---------- SUPPLIED ENTRIES ----------
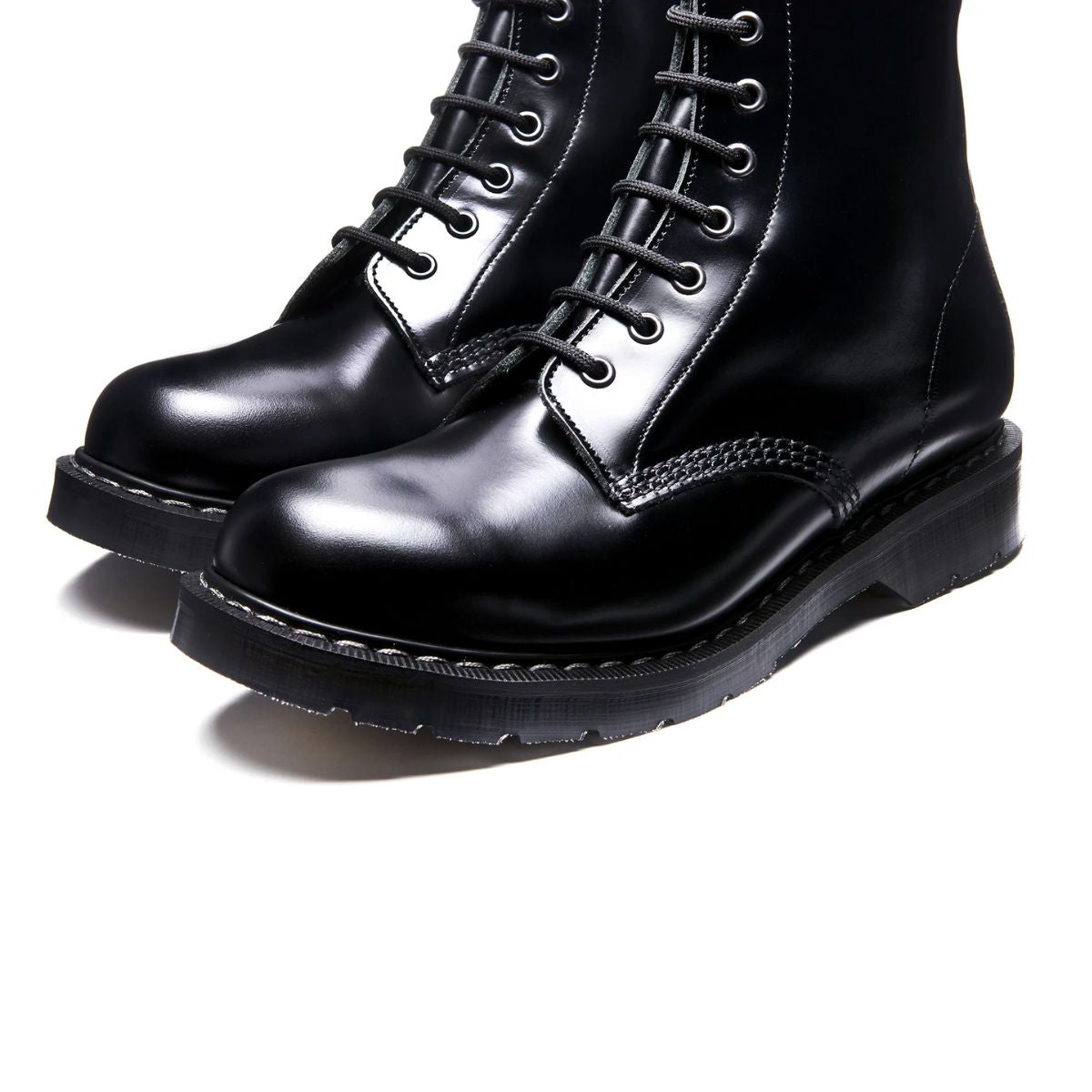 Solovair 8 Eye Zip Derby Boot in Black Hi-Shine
----------
---------- SUPPLIED ENTRIES ----------
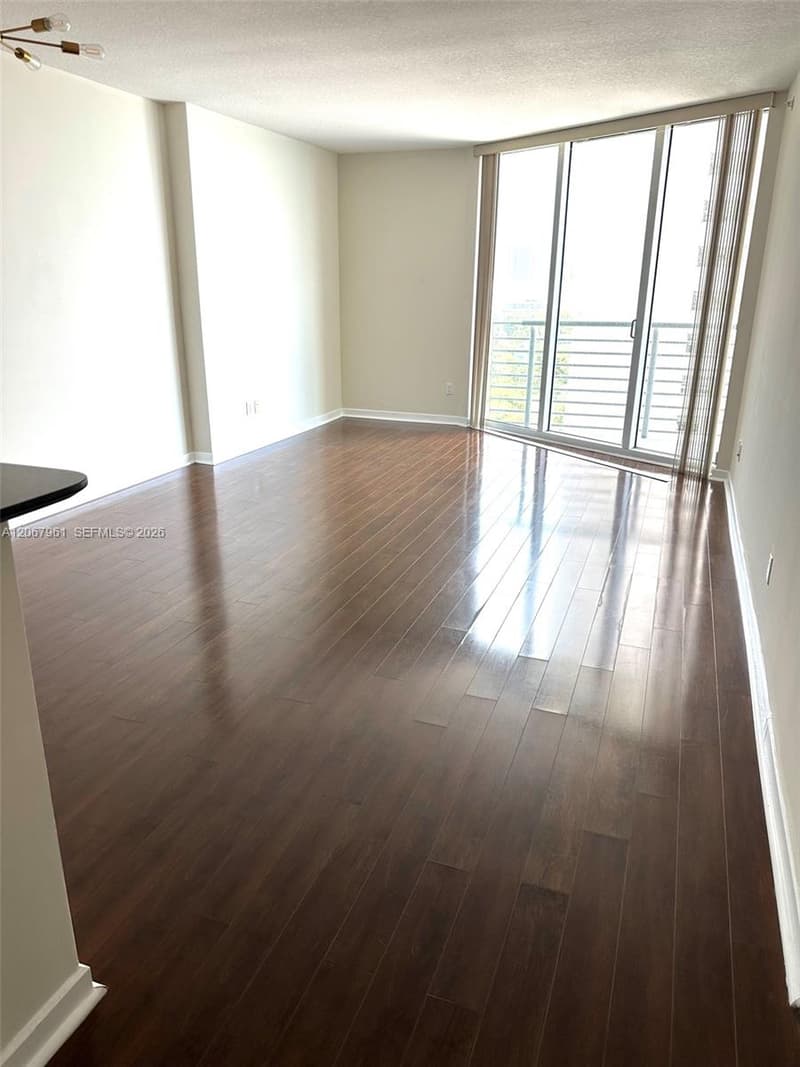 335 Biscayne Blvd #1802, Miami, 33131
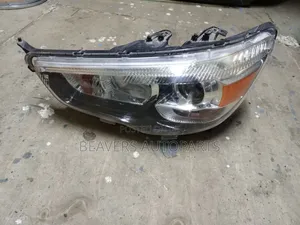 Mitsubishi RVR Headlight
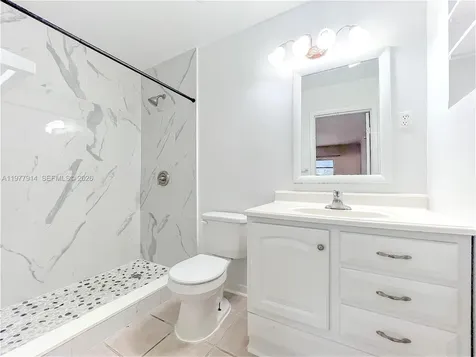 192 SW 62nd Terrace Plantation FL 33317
----------
### DIRECTIONS
Out of the records above, set down only the lines from the one that contains "335 Biscayne Blvd #1802, Miami, 33131" through the one that contains "192 SW 62nd Terrace Plantation FL 33317", unchanged and without the pictures.

### EXPECTED OUTPUT
 335 Biscayne Blvd #1802, Miami, 33131
 Mitsubishi RVR Headlight
 192 SW 62nd Terrace Plantation FL 33317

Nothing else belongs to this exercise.